Learning Our Colours

In honour of my granddaughter, Cadi who will be five on Wednesday.

2007 —


One June day while in Maine, I pick up my two-year-old granddaughter, Acadia, so that her daddy can have a little time alone. He’s her single and sole parent. I live a very long day’s drive away but come as frequently as possible—both to give my son a break and to give Cadi a sense of extended family and a little feminine influence.


This evening, Cadi asks to “see the water,” so we stop several times during the short drive between my son’s house and my rented cottage. She holds tightly to one of my fingers when we get out of the car to take nature walks.


This has been one of those sharp late spring days when the new warmth, ultra-blue sky and the fresh, young leaves and grasses combine for a short-lived clarity. It will all soon blur into summer fullness—rich, deep green, hot, but no longer new.


I point things out to Cadi and she—seeing things from a different point of view—does the same for me.
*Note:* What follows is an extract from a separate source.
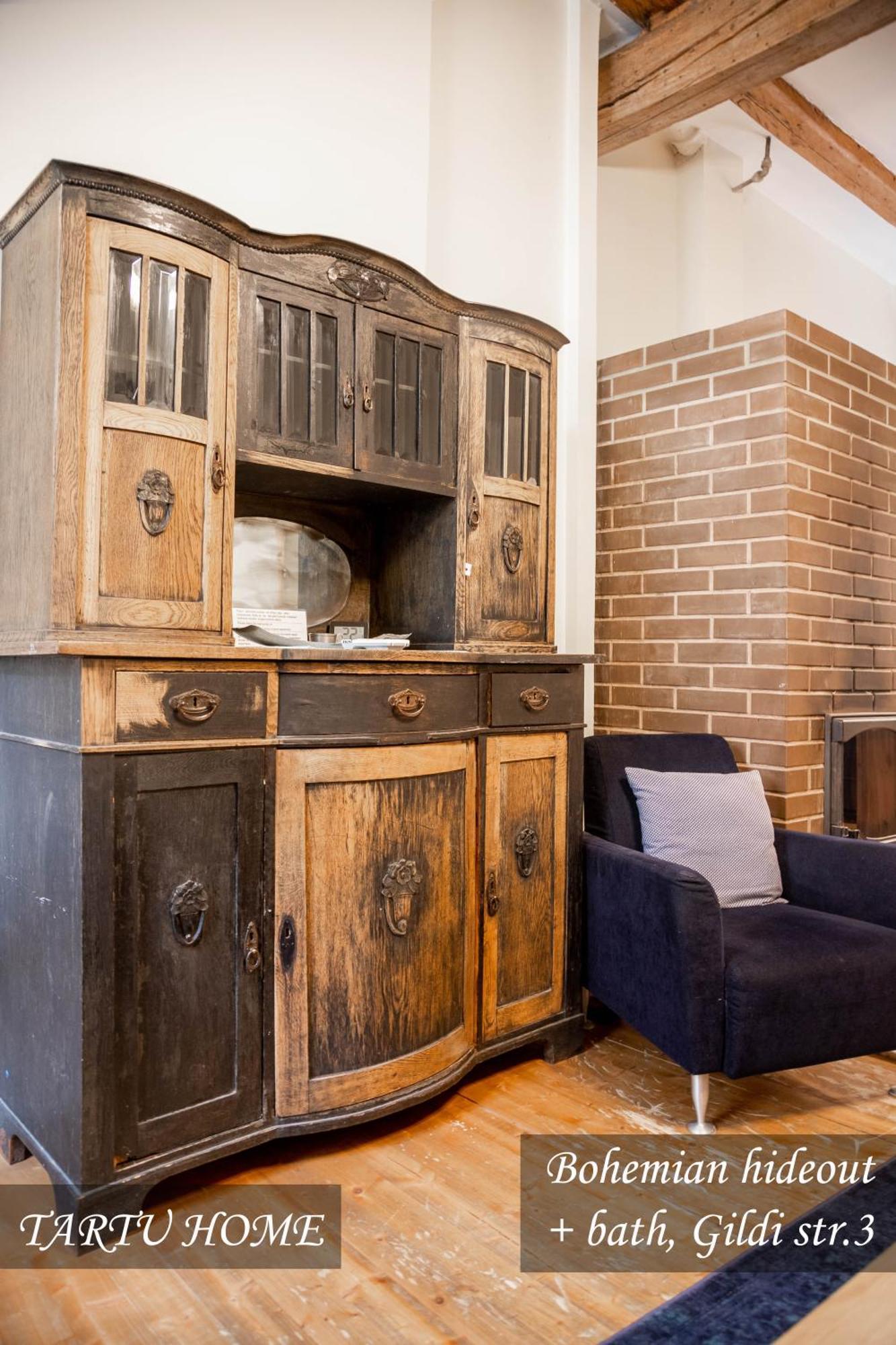 Bohemian Hideout, Old Town, Tartu Home Buitenkant foto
We note a seagull overhead. We collect a feather and a pine cone. We listen to the sound the water makes as it rushes over the rocks and to the hum of spring insects. In another spot, we watch the rowdy games of the fascinating-to-Cadi older boys playing on the other side of the street. We talk about colours. The green grasses, some as tall as Cadi. A blue-gray heron in the distance. White cherry blossoms. Purple lilacs. Red ladybug.
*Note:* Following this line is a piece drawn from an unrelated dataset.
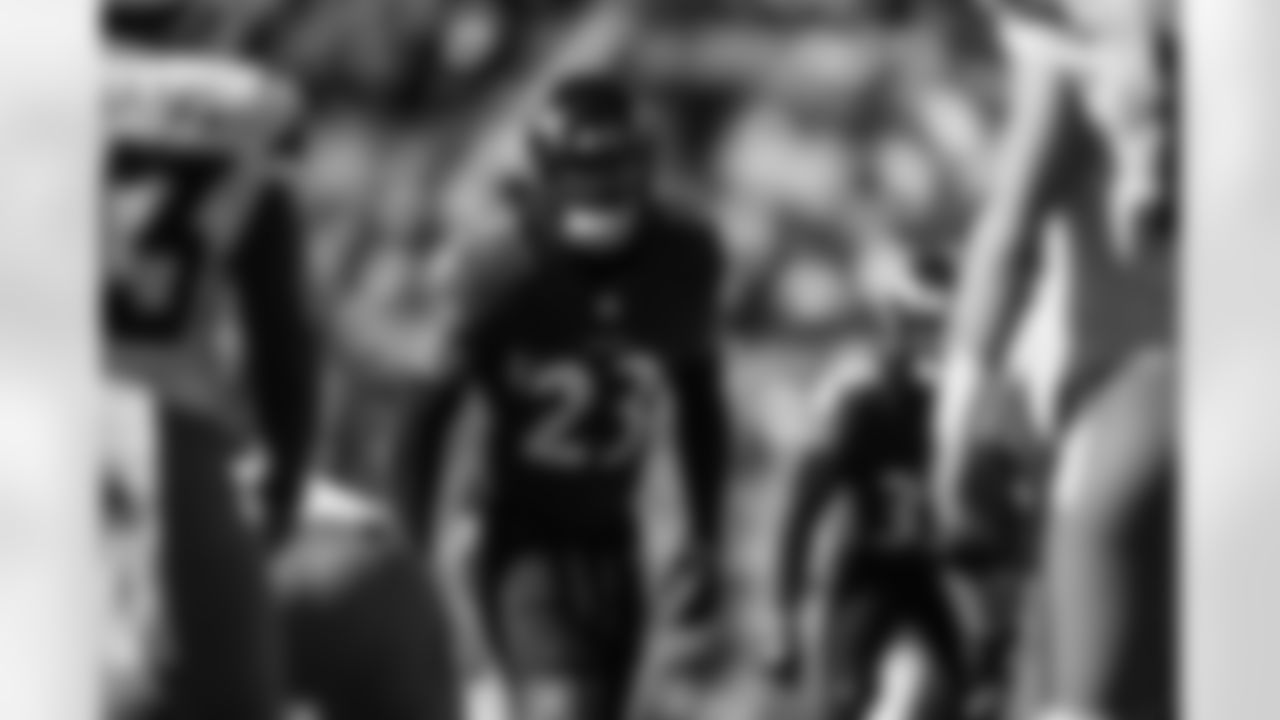 ILB Trenton Simpson
Simpson is looking to reestablish himself as the starting linebacker next to Roquan Smith. The two spent time together this offseason building their connection, and that will continue this summer as Simpson aims to show he's better now after gaining significant experience last year.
Cadi’s only just learning her colours. She has the concept, but the specifics are still in process. Sometimes she gets them right and sometimes she doesn’t.


Our last stop is on the side of the road near a wetlands area with a view of the mountains of Acadia National Park in the distance. This spot, with its marshy, tidal ponds is always stunningly beautiful whether the day is sunny, foggy, rainy or icy.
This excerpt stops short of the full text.